The heart of successful resettlement Rizwaana says is resolving identity issues in a new country. “This is what the Framework does so brilliantly. They are fearful of losing their own culture and identity, so they separate themselves from the wider community. The Framework helps them feel strong in their own culture, knowing that this will continue to be part of them when they adapt. They can be a kiwi – they can sit in a room with lots of people drinking – and still belong.”

Two handbooks have been developed. One for the person who facilitates the discussion (the coordinator), and the other for the participant.

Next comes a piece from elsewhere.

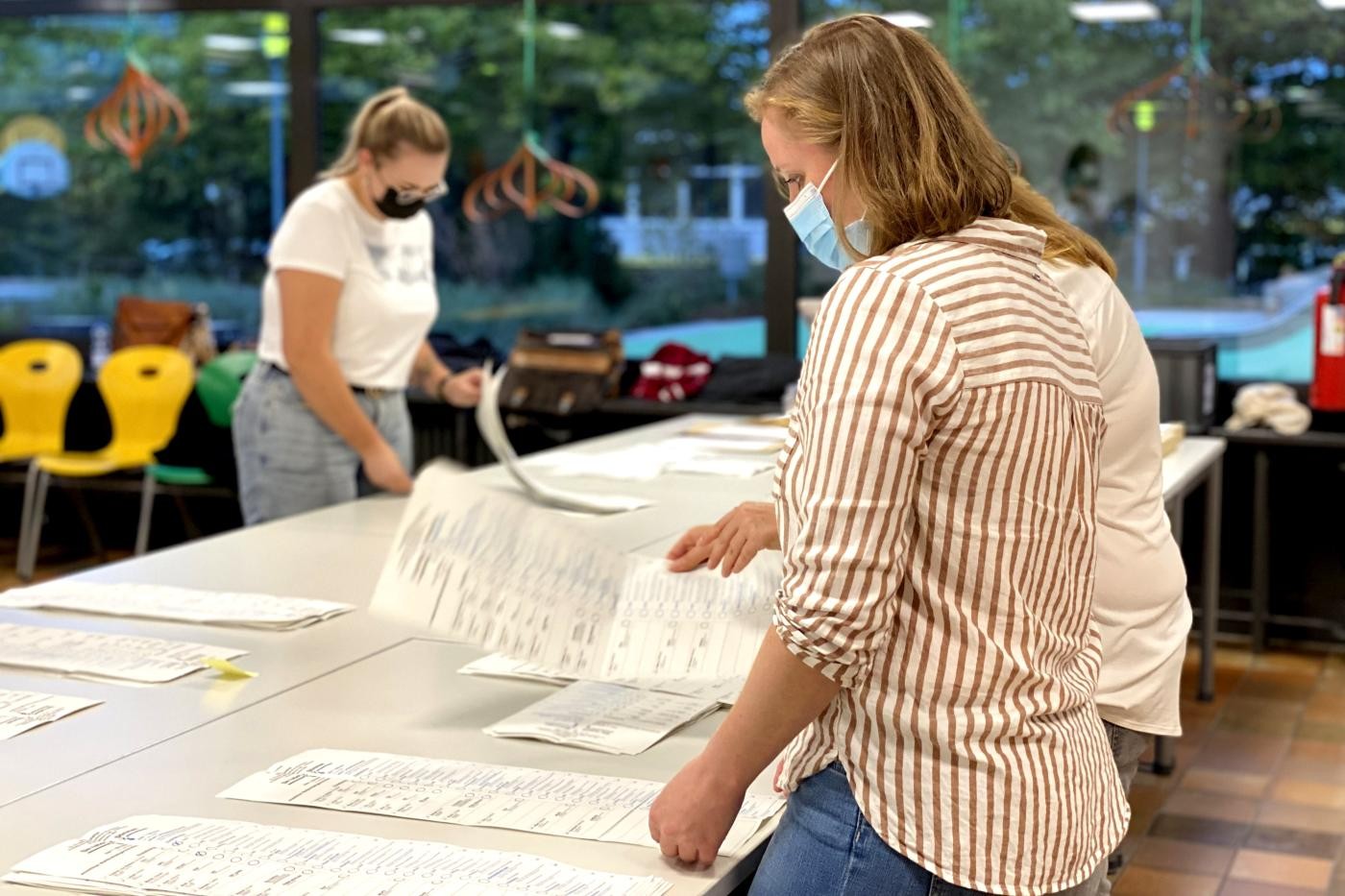 Rathausmitarbeitende zählen die Wahlzettel aus.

For the purpose of the Framework, the participant is referred to as a ‘navigator’ as she takes charge of her own development.

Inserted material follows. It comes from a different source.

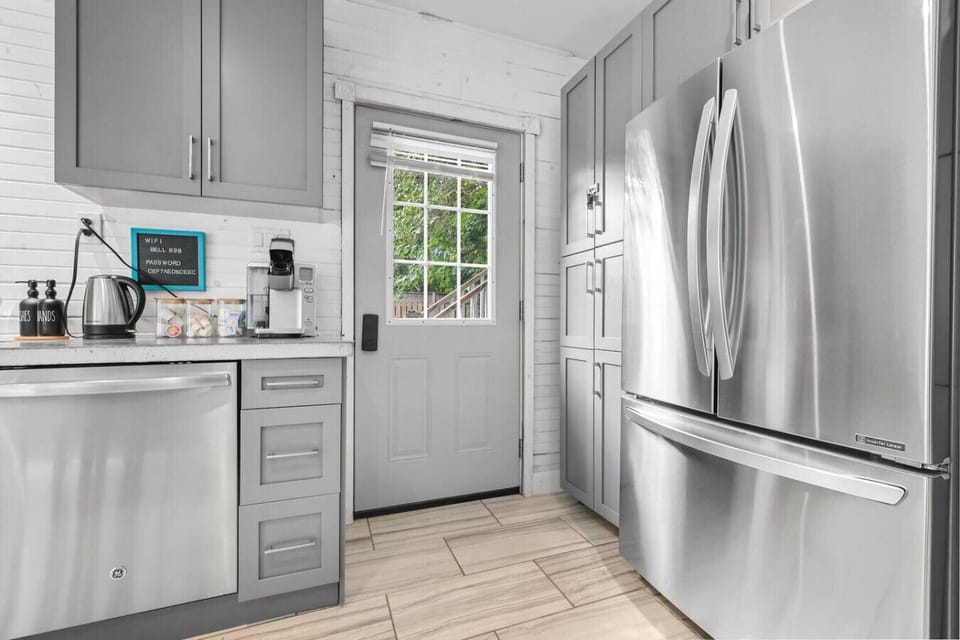Welcome to a kitchen where style meets function. Equipped with all the essentials, including a large fridge and a coffee maker, you have everything you need to create meals or brew your favorite morning drink.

The Navigator‘s Handbook lists information about the help available from local NGOs such as Shakti, Women’s Refuge, Citizens Advice Bureau or ACE organisations like E Tu Whānau which has an inclusive kaupapa, providing programmes that are designed to actively support former refugees and migrants. Their self-defence course is one mentioned in the handbook as part of the ‘I Feel Safe’ section.

During the programme, the women will visit a local marae. They create their own pepeha so they can introduce themselves in Māori, sharing their connections to people and places that are important to them.

Pancha Narayanan, MNZ National President says that the Framework “has been shaped by women and their experience of New Zealand both as long term Kiwis and newcomers. It is a timely resource for all New Zealanders.”